Argumentative Writing Cheat Sheet
The core ideas of Argumentative Writing distilled into a single, scannable reference — perfect for review or quick lookup.
Quick Reference
Defensible Thesis
A clear, specific, debatable claim that takes a position requiring defense.
Evidence Types
Personal experience, observation, reading, data, expert testimony -- each with different rhetorical weight.
Commentary and Reasoning
The logical explanation connecting evidence to the claim. Evidence alone does not argue; reasoning does.
Counterargument and Refutation
Acknowledging opposing views and explaining why your position is stronger.
Line of Reasoning
The logical sequence connecting claims, evidence, and commentary throughout an essay.
Rhetorical Strategies in Argument
Using ethos, pathos, logos, diction, and syntax strategically to strengthen persuasion.
Qualification and Nuance
Acknowledging complexity rather than overstating. Uses hedging language.

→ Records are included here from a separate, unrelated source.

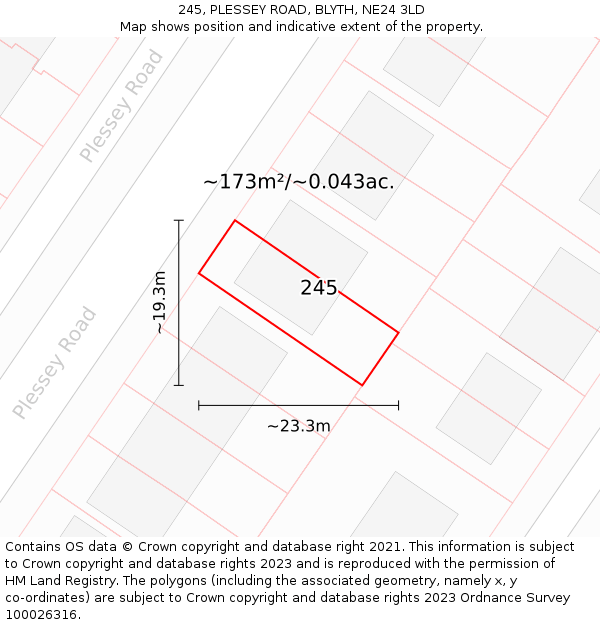 245, PLESSEY ROAD, BLYTH, NE24 3LD: Plot and title map
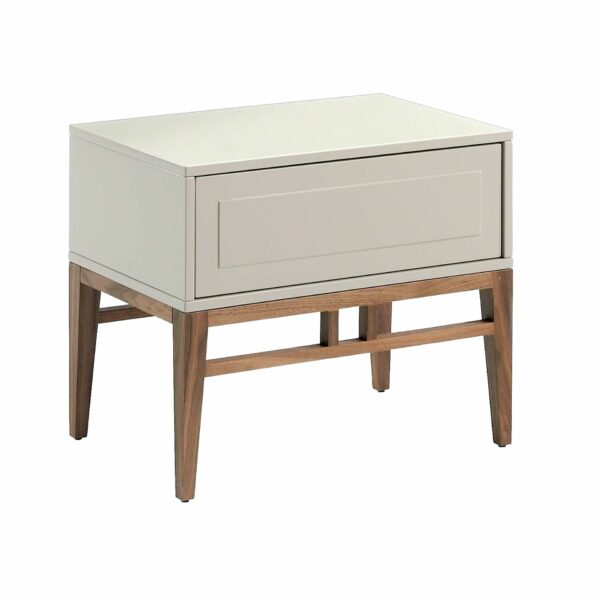 Mesita de noche madera beige y nogal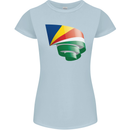 Curled Seychelles Flag Seychellois Day Football Womens Petite Cut T-Shirt Light Blue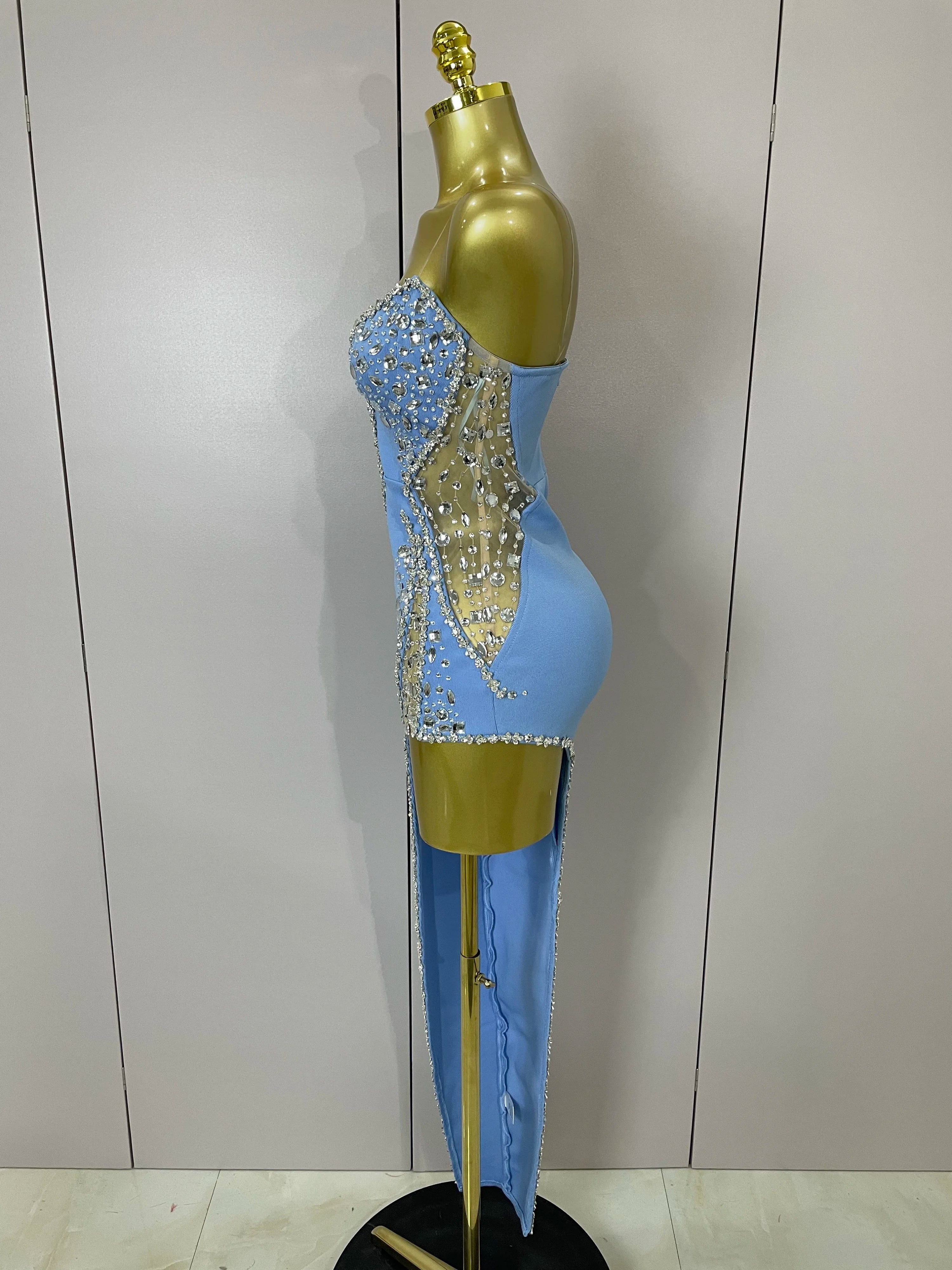 Strapless Shinning Rhinestones Bodycon Bandage Long Dress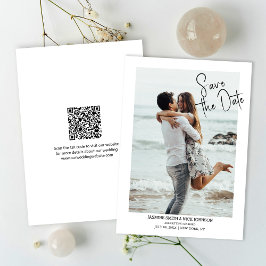 Modern Spara datum QR-kodfoto Bröllop Inbjudningar
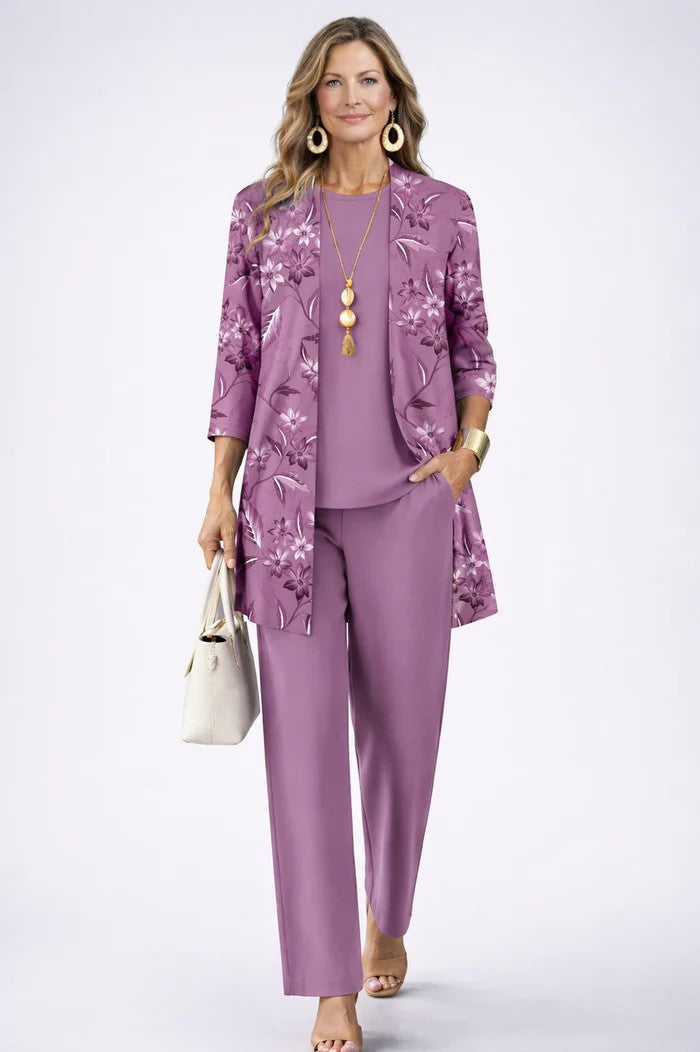 Women's 3-Piece Set with Printed Open Cardigan, Tee and Wide Pants 4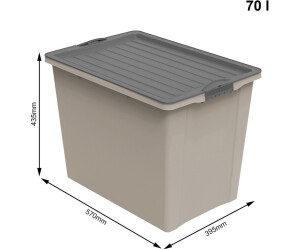 Rotho Compact Aufbewahrungsbox 70l mit Deckel und Rollen, Kunststoff (PP  recycelt) BPA-frei, grün/anthrazit, A3/70 Liter (57,0 x 39,5 x 43,5 cm) :  : Küche, Haushalt & Wohnen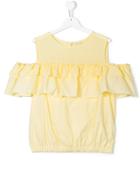 Elisabetta Franchi La Mia Bambina Ruffled Ruffled Blouse - Yellow &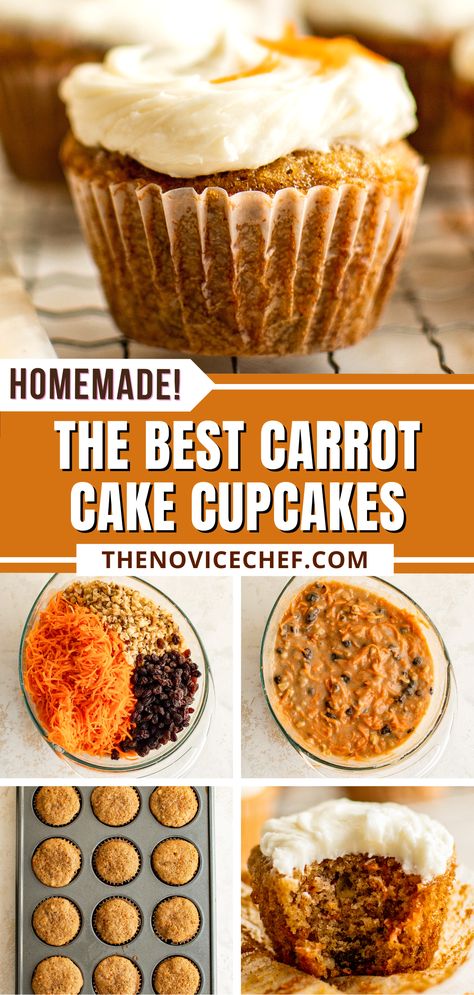 Fall Carrot Cake Cupcakes, Oatmeal Carrot Cake Cups, Desserts With Carrots, Carrot Cake Recipe No Nuts Or Raisins, Carrot Cake Recipe With Raisins, Carrot Cake With Raisins, Best Carrot Cake Cupcake Recipe, Homemade Carrot Cake Cupcakes, Carrot Cake Cupcakes Recipe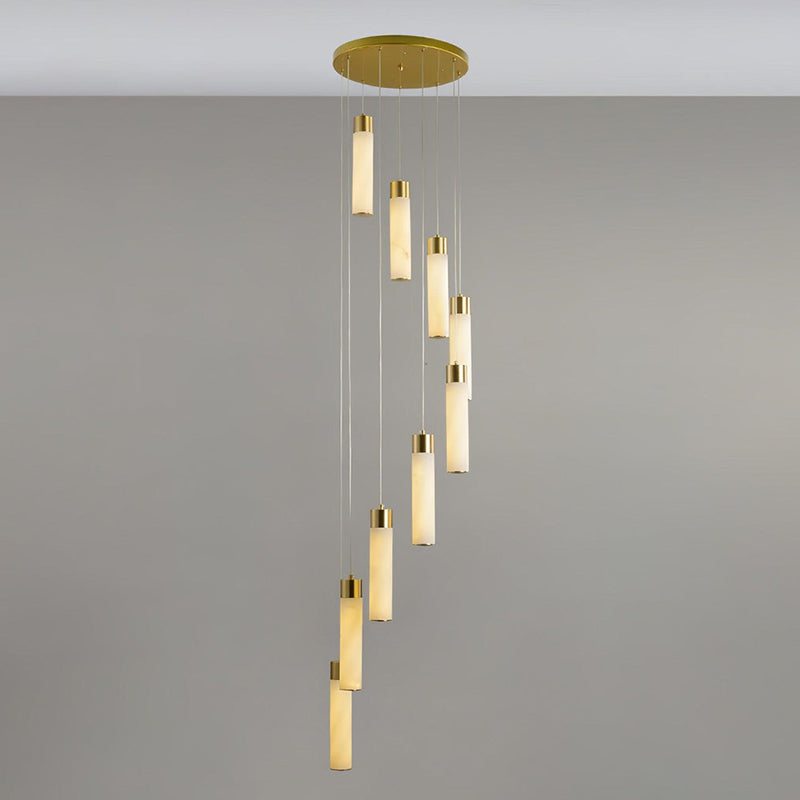 Zeal Modern Minimalist Cascade Alabaster Chandelier - Lamp Copper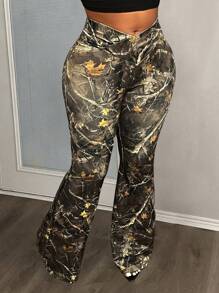 Slaydiva Plus Size Women's Branch Print Flare Pants, Holiday/New Year/Valentine's Day Western Wear Fall - Multicolor - View 1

Logical Fallacies to Avoid
Common reasoning errors: straw man, false dilemma, slippery slope, ad hominem, hasty generalization.
Evidence Integration
Smoothly incorporating evidence with signal phrases, quotation, paraphrase, and attribution.
Argument Structure
Introduction (context + thesis), body (claim + evidence + commentary), counterargument, conclusion (extension).